WHAT IS BEING ASKED: Treat the line containing "Women's Casual Solid Color Dress" as the first line of the answer and the last line of the data as its final line, reproducing every line between exactly.

(Scraped caption text data)
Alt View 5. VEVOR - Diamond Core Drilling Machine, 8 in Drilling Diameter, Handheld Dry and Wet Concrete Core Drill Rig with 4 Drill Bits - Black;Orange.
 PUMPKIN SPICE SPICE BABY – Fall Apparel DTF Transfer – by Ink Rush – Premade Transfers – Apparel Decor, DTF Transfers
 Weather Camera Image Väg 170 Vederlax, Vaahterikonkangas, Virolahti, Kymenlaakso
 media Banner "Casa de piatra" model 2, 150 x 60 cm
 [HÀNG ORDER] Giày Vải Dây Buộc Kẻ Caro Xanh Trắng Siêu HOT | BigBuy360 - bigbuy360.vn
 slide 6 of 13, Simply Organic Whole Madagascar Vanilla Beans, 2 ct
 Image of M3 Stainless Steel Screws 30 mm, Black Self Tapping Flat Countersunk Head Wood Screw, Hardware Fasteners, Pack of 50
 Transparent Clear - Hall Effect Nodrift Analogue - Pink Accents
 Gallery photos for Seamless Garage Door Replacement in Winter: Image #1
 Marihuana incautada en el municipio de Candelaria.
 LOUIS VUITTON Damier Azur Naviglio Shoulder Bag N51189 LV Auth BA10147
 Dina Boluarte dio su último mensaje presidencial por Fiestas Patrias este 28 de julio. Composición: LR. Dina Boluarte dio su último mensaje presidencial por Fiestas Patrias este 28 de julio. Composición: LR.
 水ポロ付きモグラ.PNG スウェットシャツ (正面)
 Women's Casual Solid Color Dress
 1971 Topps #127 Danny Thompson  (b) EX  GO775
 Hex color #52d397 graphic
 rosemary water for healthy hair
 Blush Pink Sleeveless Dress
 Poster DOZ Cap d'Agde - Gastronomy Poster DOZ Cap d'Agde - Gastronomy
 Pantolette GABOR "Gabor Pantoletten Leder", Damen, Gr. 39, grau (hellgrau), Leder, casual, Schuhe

ANSWER SPACE:
 Women's Casual Solid Color Dress
 1971 Topps #127 Danny Thompson  (b) EX  GO775
 Hex color #52d397 graphic
 rosemary water for healthy hair
 Blush Pink Sleeveless Dress
 Poster DOZ Cap d'Agde - Gastronomy Poster DOZ Cap d'Agde - Gastronomy
 Pantolette GABOR "Gabor Pantoletten Leder", Damen, Gr. 39, grau (hellgrau), Leder, casual, Schuhe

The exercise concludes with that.